En este punto convendría recordar dos trabajos recientes. Por un lado, la tesis doctoral de Patricia Kapstein (La periferia interior, Escuela de Arquitectura de Madrid, 2009), donde se describe la historia urbana de una serie de “áreas vulnerables” de las ciudades chilenas de Antofagasta y Arica, que han sido ámbitos marginales y de marginación, interiores al sistema urbano, desde su origen. Nunca han disfrutado de las ventajas urbanas que se enunciaron más arriba. Por otro lado, la publicación de Paul Collier donde recordaba que algunos países del “club de la miseria” no puede decirse que sean explotados por los países desarrollados, sino simplemente ignorados. De manera que entender la región o el planeta dividido en dos únicos sectores, uno explotador y otro explotado, puede ser una simplificación excesiva, por mucho que resulte operativo para algunas modelizaciones de la economía urbana. “Nuestra experiencia social real no se limita únicamente al campo y la ciudad, en sus formas más singulares, sino que existen muchos tipos de organizaciones intermedias y nuevos tipos de formaciones sociales y físicas” (R. Williams).

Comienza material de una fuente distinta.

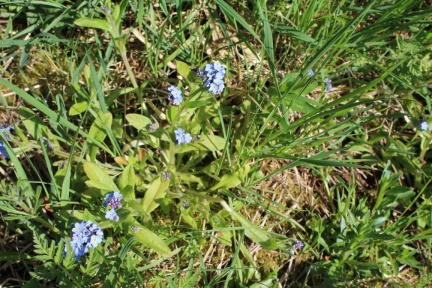 forget me knot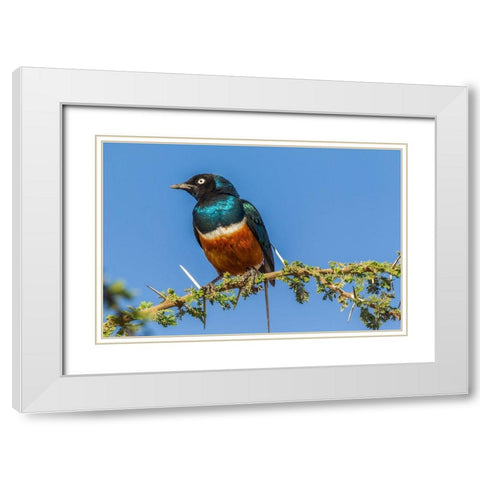 Africa-Tanzania-Serengeti National Park Superb starling close-up  White Modern Wood Framed Art Print with Double Matting by Jaynes Gallery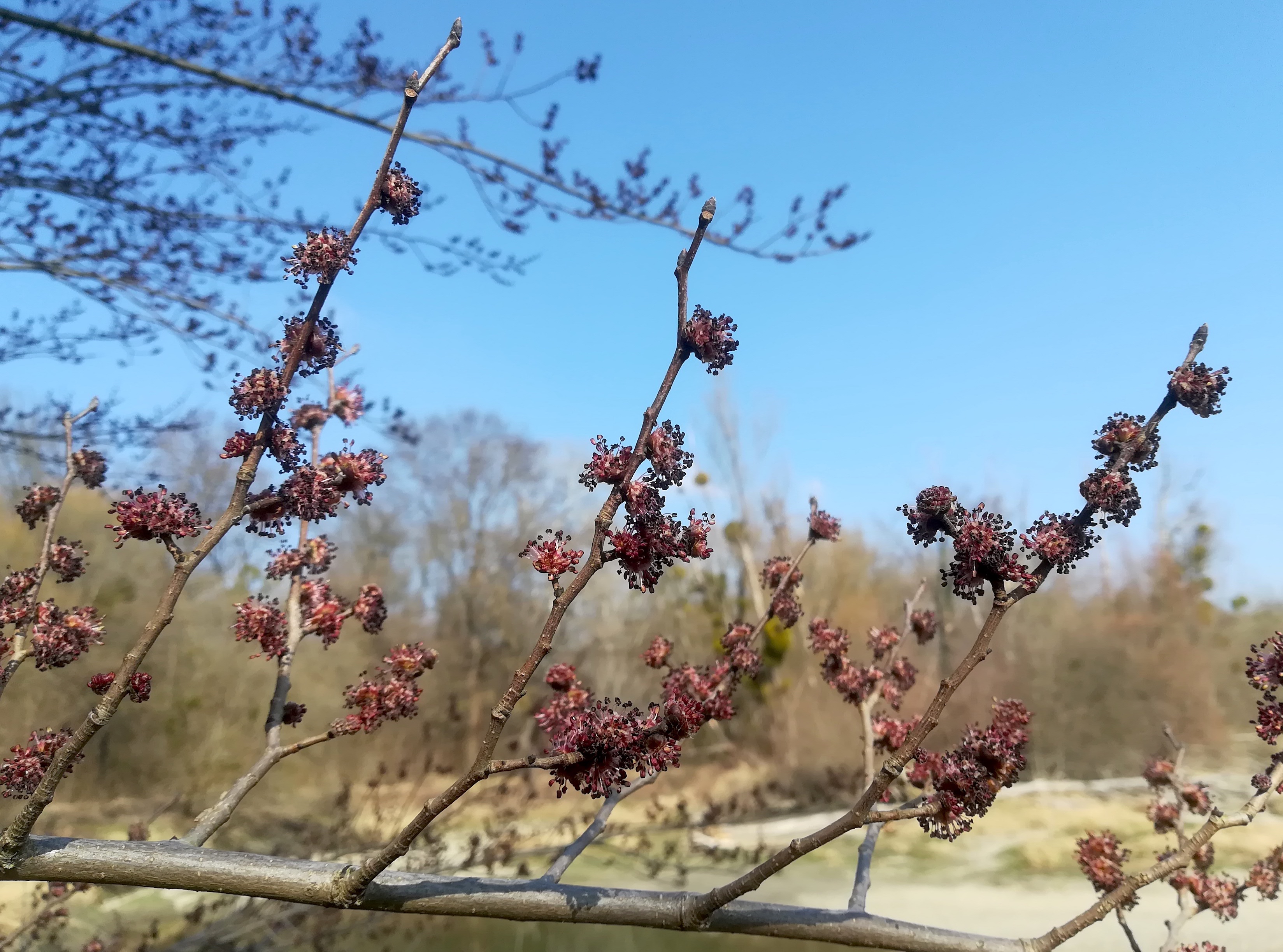 ulmus minor orth an der donau_20220227_120825.jpg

La imposibilidad de determinar el tamaño óptimo de la aglomeración urbana es sintomática de la debilidad actual de aquella explicación económica tradicional del juego entre ciudad y campo. Sabemos que a partir de cierto tamaño hay deseconomías y que, superado algún límite crítico la ciudad entra en rendimientos decrecientes. Pero nos es prácticamente imposible dibujar las curvas que representan costes y beneficios. Sabemos que hay una amplia variedad de “dimensiones críticas” de la ciudad, pero también que los papeles desempeñados por cada ciudad son diferentes y, en consecuencia, su tamaño óptimo también debería variar en función de ellos. Y tenemos que reconocer que el tamaño adecuado de una ciudad no puede determinarse si no se tiene información suficiente del sistema metropolitano o regional en que se encuentra inserto. O dicho de otra forma: nos es imposible determinar, sólo desde consideraciones económicas, ningún tamaño óptimo de una aglomeración urbana. Algo falla.

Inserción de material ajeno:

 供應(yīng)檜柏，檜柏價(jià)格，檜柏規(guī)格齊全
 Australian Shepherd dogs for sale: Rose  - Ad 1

En su origen la ciudad explotó al campo. Pero no es impensable que en un futuro (más o menos lejano) no actúe ninguna dicotomía espacial general del tipo campo-ciudad o centro-periferia, sino que las relaciones de subordinación se establezcan en el interior de la cosmópolis global conforme a otras formas de explotación del espacio. Y visto así, habría que entender como herederos del campo, de la noción económica del campo, aquellos espacios que no sólo no liberan, sino que contribuyen al sometimiento. Y que se encuentran en cualquier lugar, dentro o fuera de la ciudad, en el interior o en el exterior de la aglomeración urbana. Veamos qué nos dice el poeta antillano Édouard Glissant, en su Poétique de la relation (París, Gallimard, 1990; citado por Veltz): “Las ciudades son los lugares donde se concentra la velocidad y donde se encuentra la respuesta. En todas partes están en acción los mismos mecanismos: la violencia de la miseria y de la suciedad, pero también la rabia inconsciente y desesperada de no comprender el caos del mundo. Los que dominan se benefician del caos, y los oprimidos se exasperan por ello”. En todas partes.